Trinity conferred an honourary degree upon Mike in 2016 and Donleavy’s archive is now housed in the National Library of Ireland.

We now celebrate his work with the publication of the novel that lay on his desk before he died, completed but still being revised and augmented. Excess is the enemy of effective narrative, and so the editorial task that fell to myself and Bill Dunn was to sharpen Donleavy’s manuscript.

We pared back a story that had been masked by layers of digressionary description to release the bones of a poignant and dramatic tale. The central character of Iowa, model and film starlet, steps off the page like a vivid Maura Higgins and will prove to be one of Mike’s most lasting creations. The figure of Nathan is Everyman, a study of an individual alone but unbowed until his fatal end.

A Letter Marked Personal crowns Lilliput’s association with Mike. It has been a long journey since those beginnings fifty years ago, with glittering Westmeath parties where denizens of Hollywood came a-knocking, where foxhounds gathered for the lawn meet at Levington Hall, and where frock-coated revellers shook the dancefloor at hunt balls in The Greville Arms of Mullingar.

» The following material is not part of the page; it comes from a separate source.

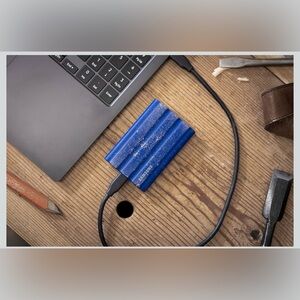 Samsung Portable External Drive - Blue 1T storage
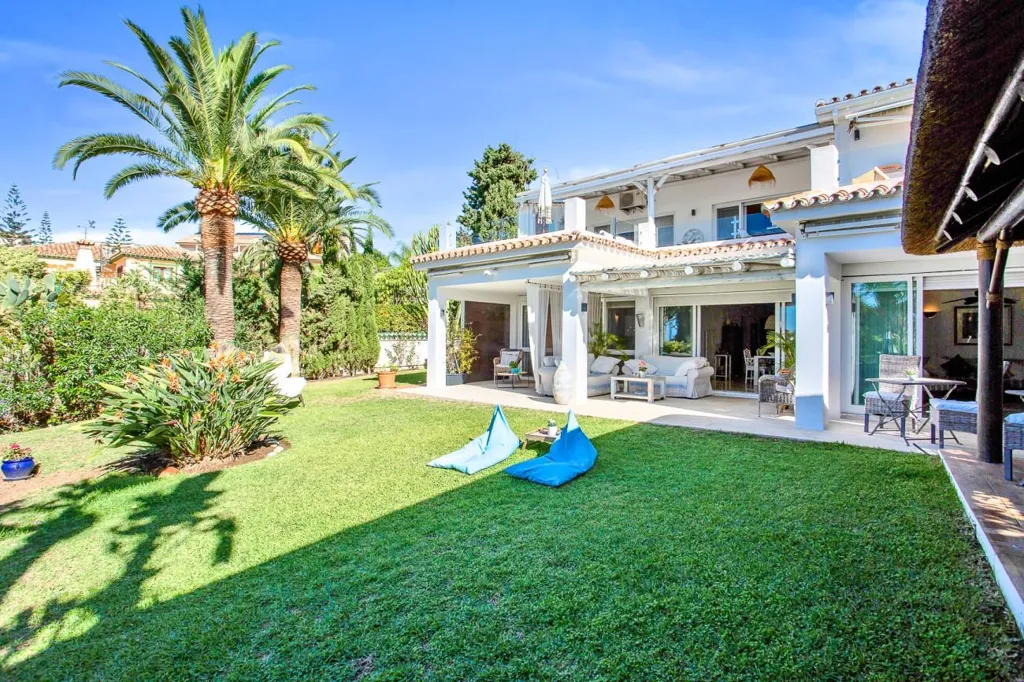 Jardin - Detached Villa with Pool in Marbella's Casco Antiguo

There was J.P. Donleavy – ever the detached observer, scrupulous and courteous, enquiring and observant, a recording angel of his day, a captain of our Ship of Fools, telling it slant, telling it straight. We salute his memory, and his enduring writings.

Antony Farrell founded Lilliput Press in 1984 in Co Westmeath. Today, it is based in Stoneybatter in Dublin. A Letter Marked Personal is out now.